§ INPUT DATA
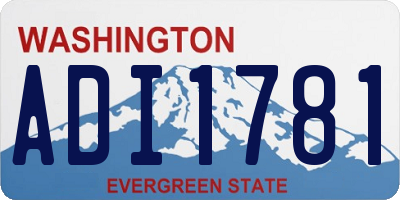WA license plate ADI1781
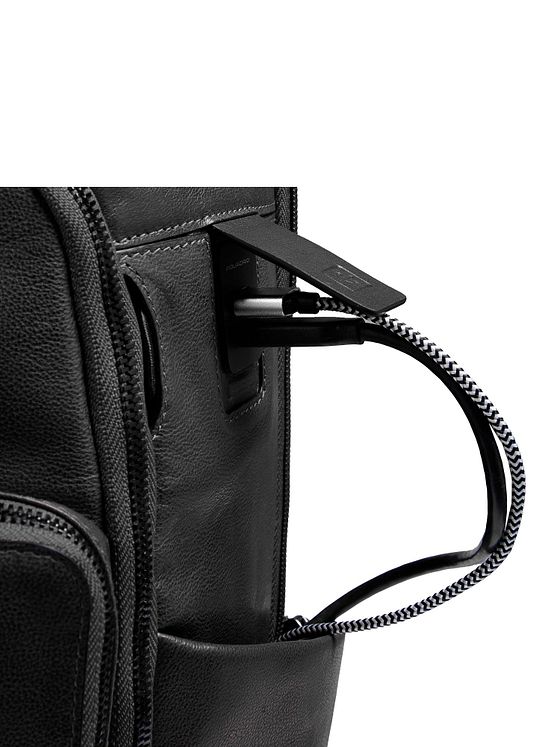 Piquadro Zaino rejserygsæk RFID-læder 44 cm laptoprum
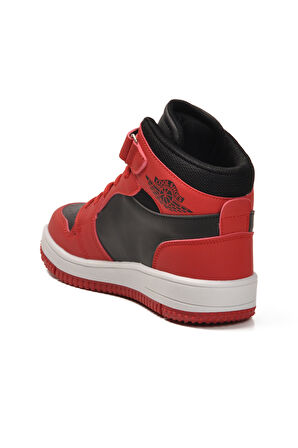 Kırmızı Bilek Boy Erkek Çocuk Sneaker Haykat Uzun F
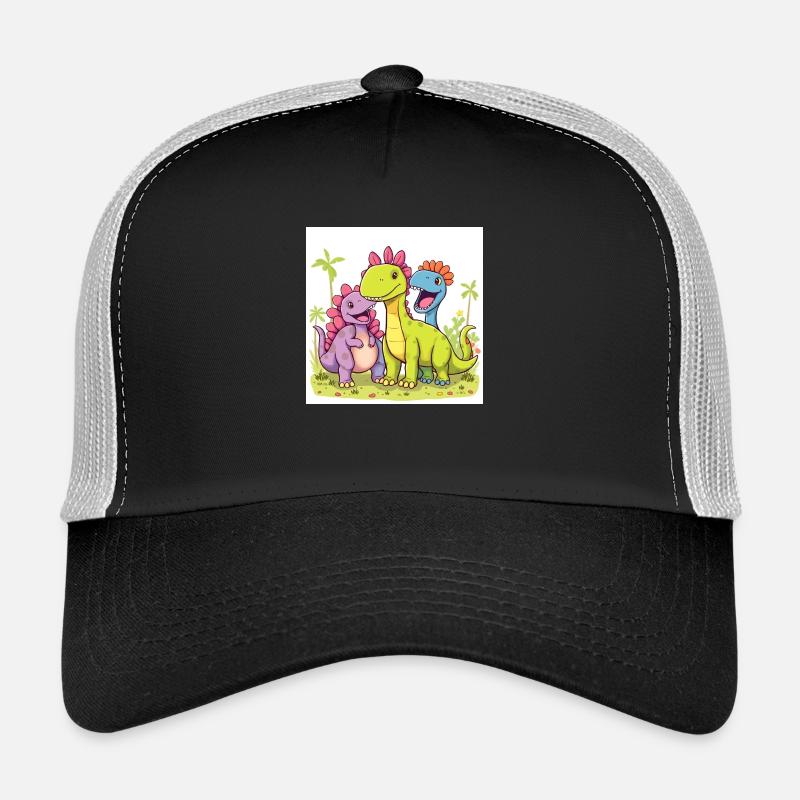 Dino Freunde - Trucker Cap - Schwarz/Steingrau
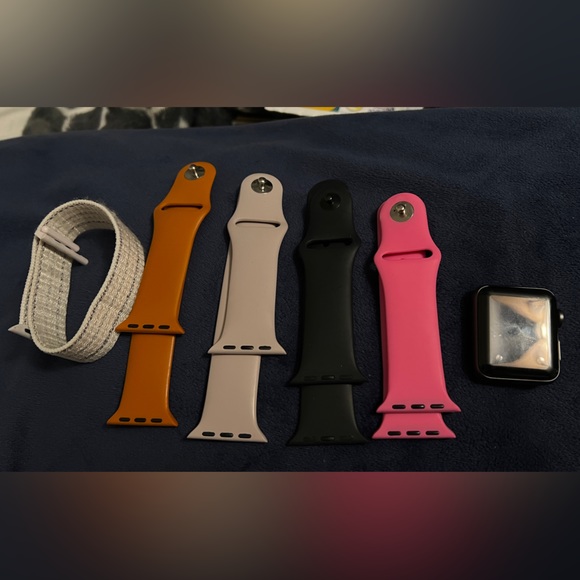 Apple Watch Series 3 38mm and Bands - Picture 1 of 4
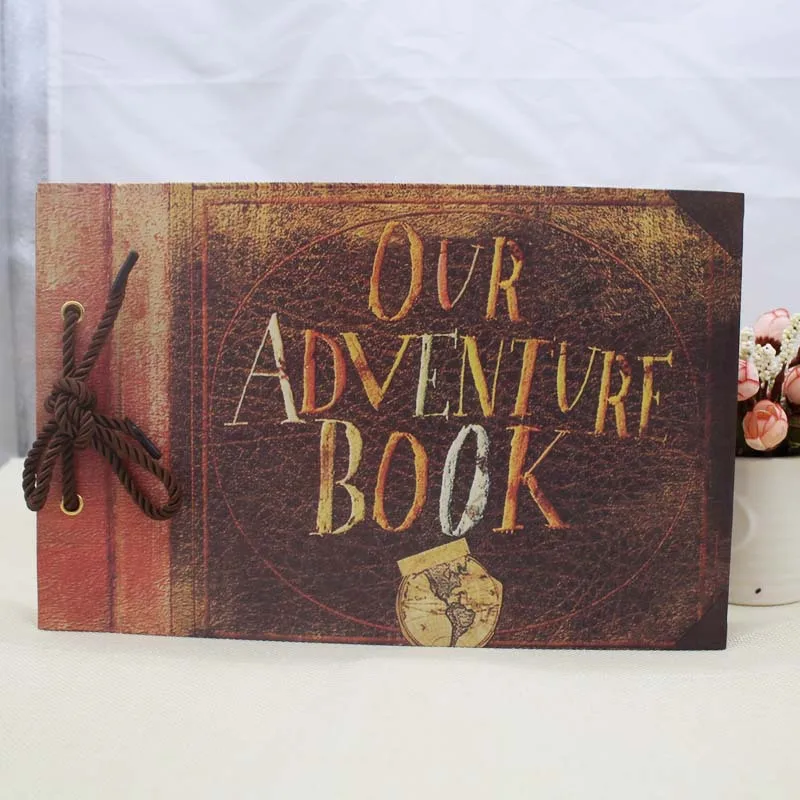 Handmade DIY Album Paste Vintage Tether Our Adventure Book Up Family Scrapbook Photo SP403 | Дом и сад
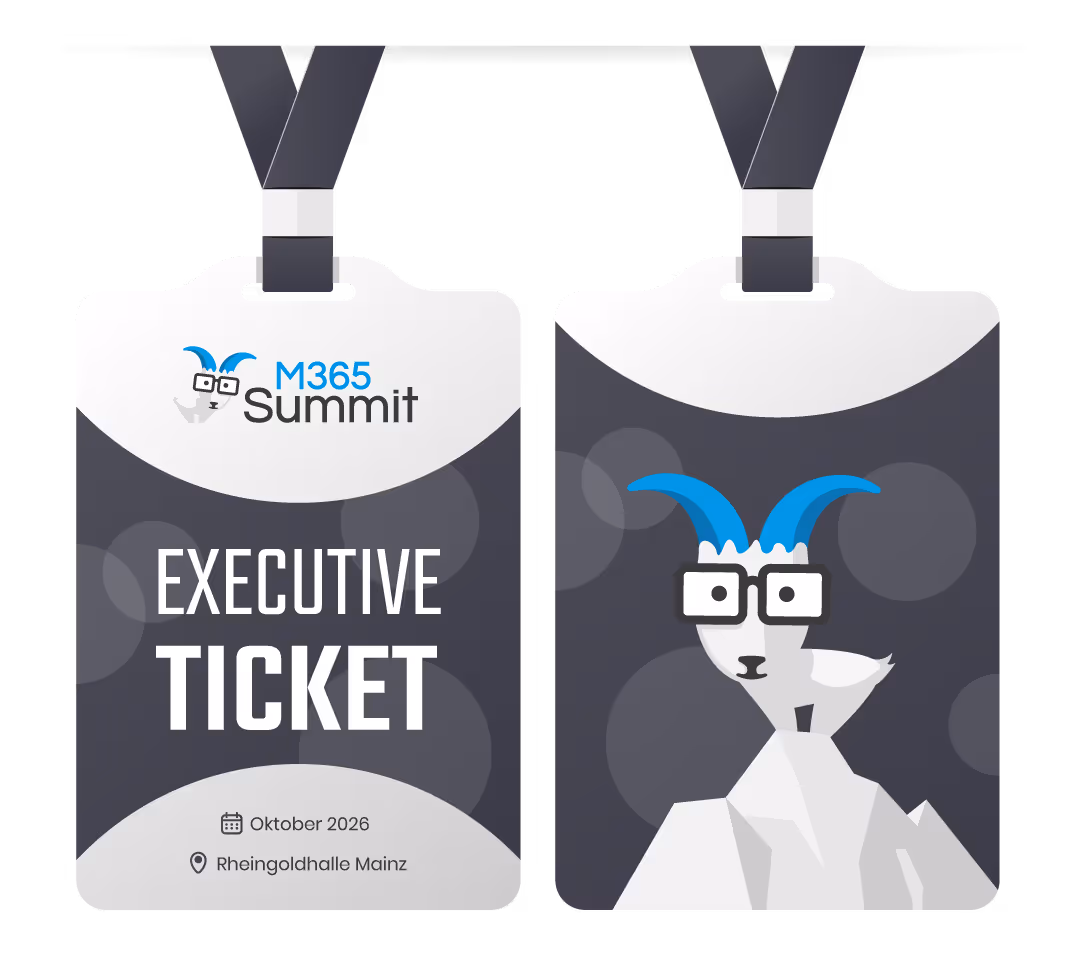 Executive Ticket der M365 Summit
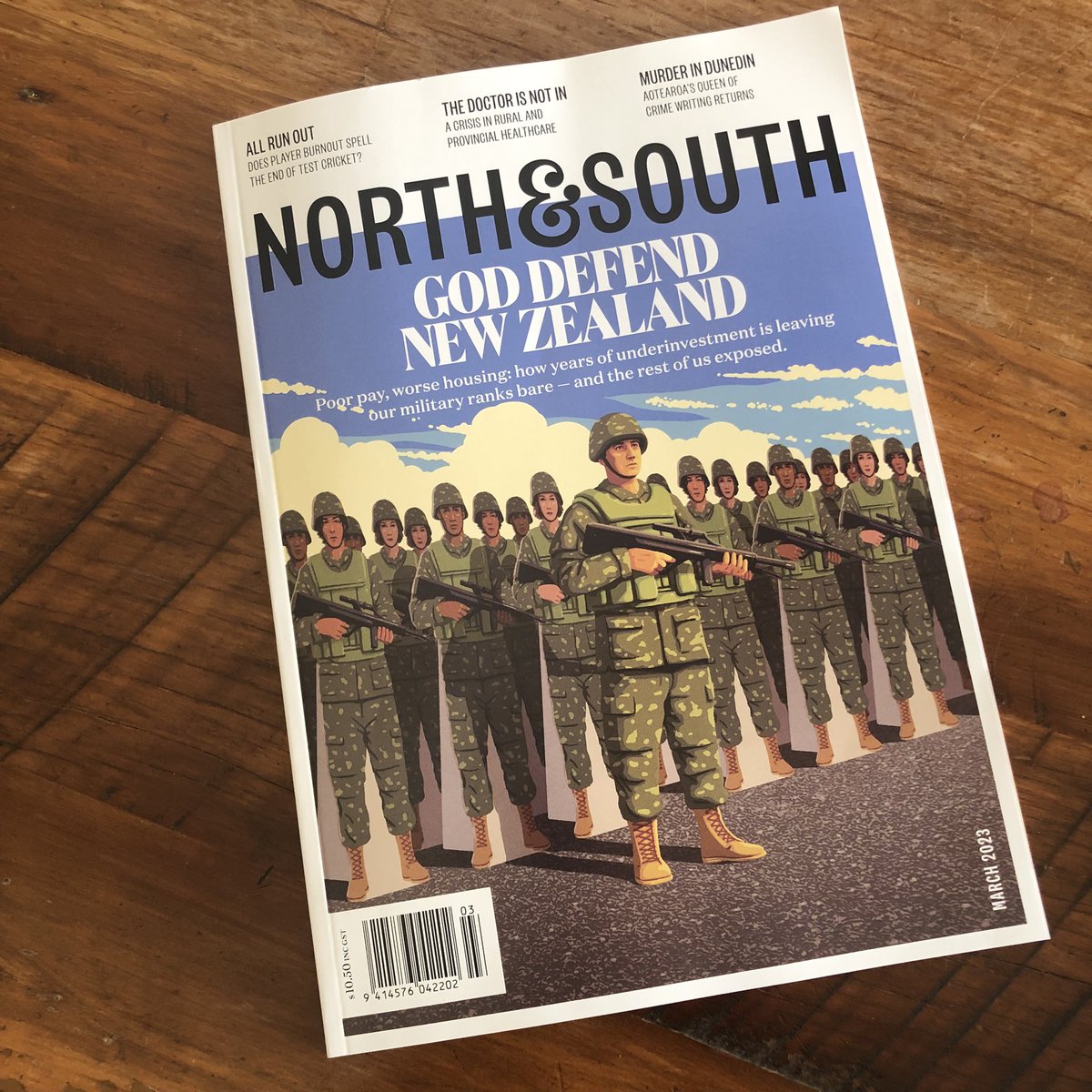 Delighted to be featured in the March issue of North & South magazine. Great article by @tmclean_otago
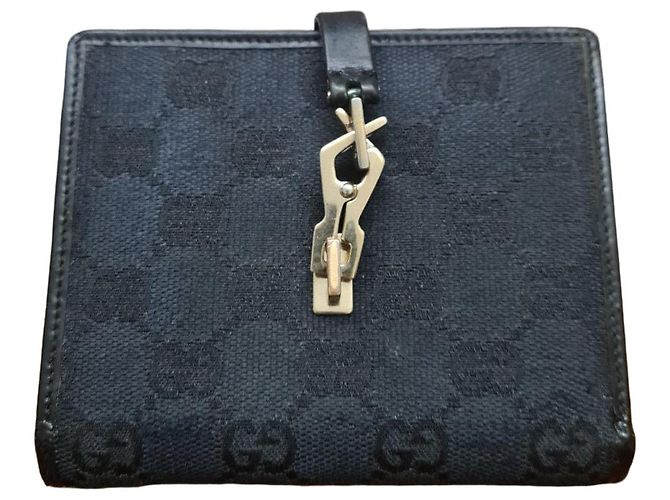 Gucci GG Black Canvas Wallet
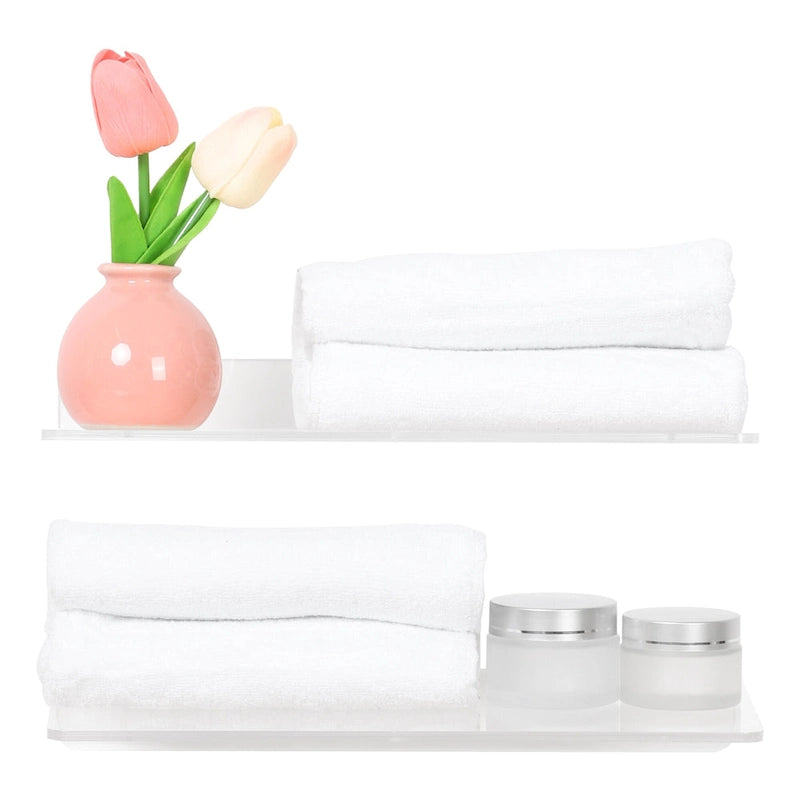 Étagères murales transparentes en acrylique pour salle de bain, chambre à coucher, salon et cuisine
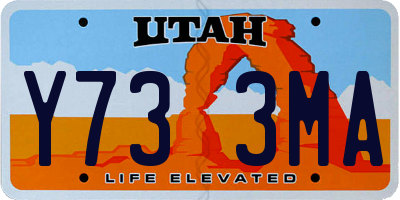 UT license plate Y733MA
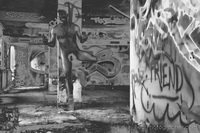 lost place male photo shooting - photos from an  intense lost place photo shoot session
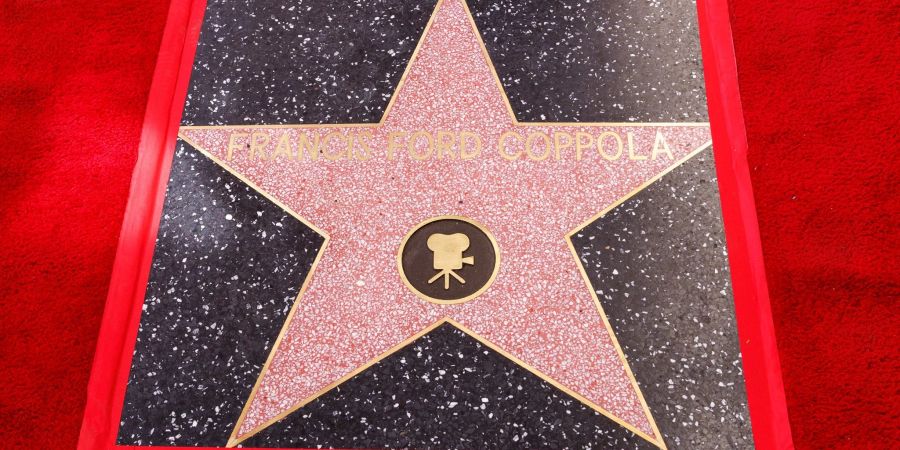 Der Stern von US-Regisseur Francis Ford Coppola auf dem «Walk of Fame» in Hollywood.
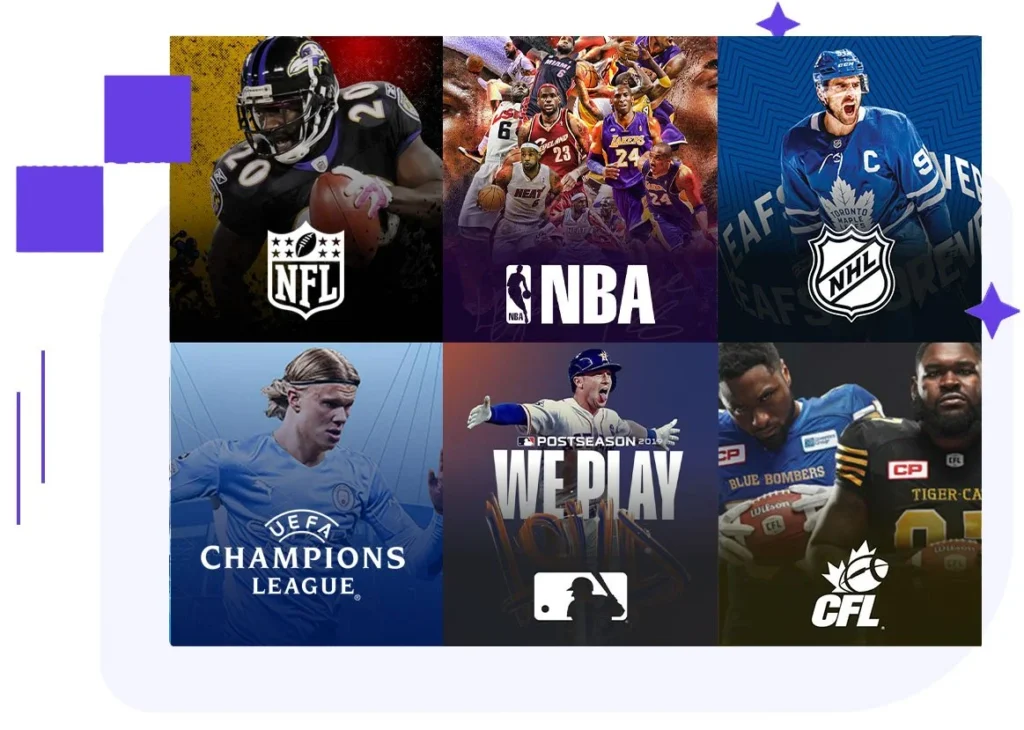 8K IPTV Canada sports channel selection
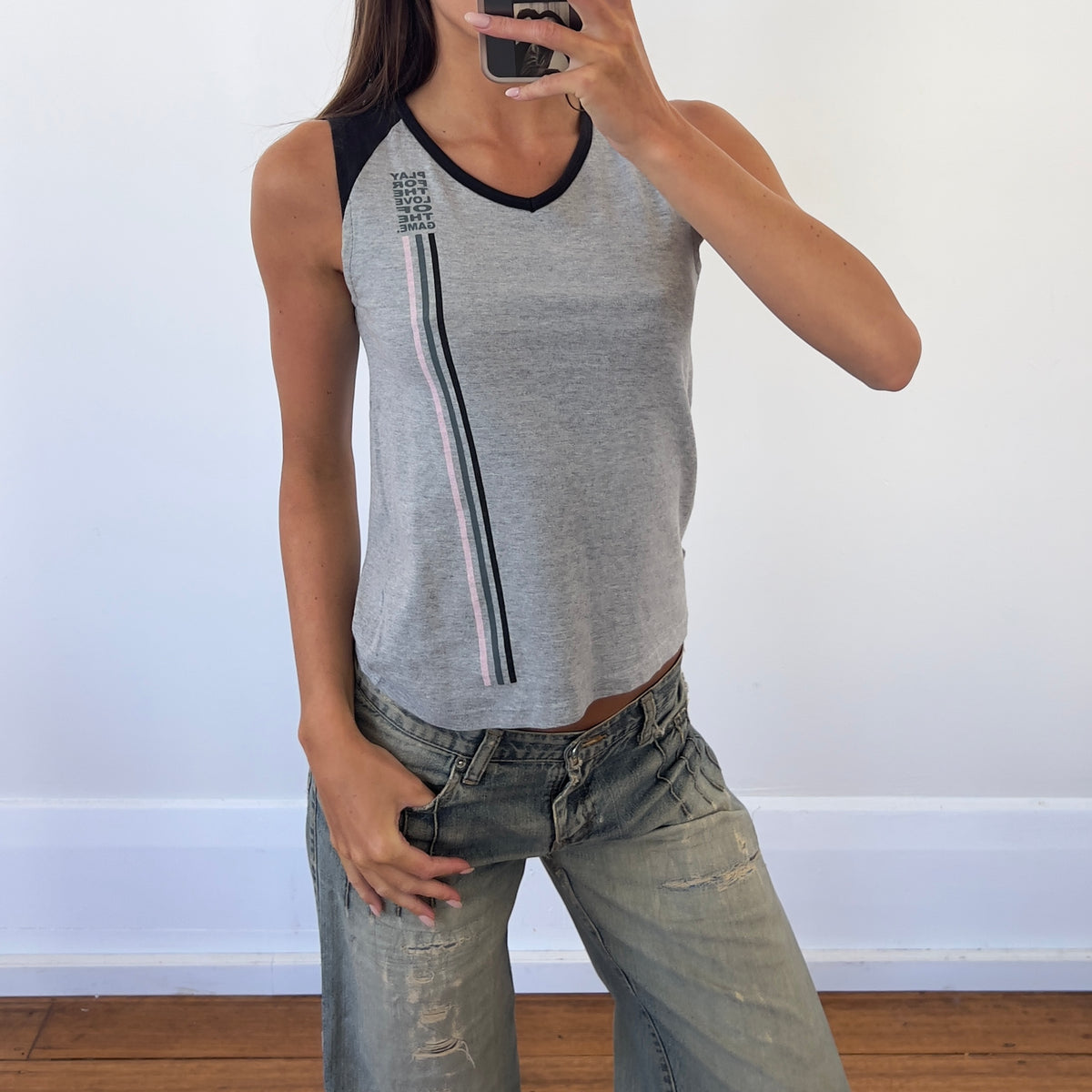 graphic Adidas tank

§ DIRECTIONS FOR THIS TASK
Your output is the lines from the top of the entries through the line containing "Gucci GG Black Canvas Wallet", exactly as they stand. No pictures belong in it.

§ SOLUTION BELOW
WA license plate ADI1781
 Piquadro Zaino rejserygsæk RFID-læder 44 cm laptoprum
 Kırmızı Bilek Boy Erkek Çocuk Sneaker Haykat Uzun F
 Dino Freunde - Trucker Cap - Schwarz/Steingrau
 Apple Watch Series 3 38mm and Bands - Picture 1 of 4
 Handmade DIY Album Paste Vintage Tether Our Adventure Book Up Family Scrapbook Photo SP403 | Дом и сад
 Executive Ticket der M365 Summit
 Delighted to be featured in the March issue of North & South magazine. Great article by @tmclean_otago
 Gucci GG Black Canvas Wallet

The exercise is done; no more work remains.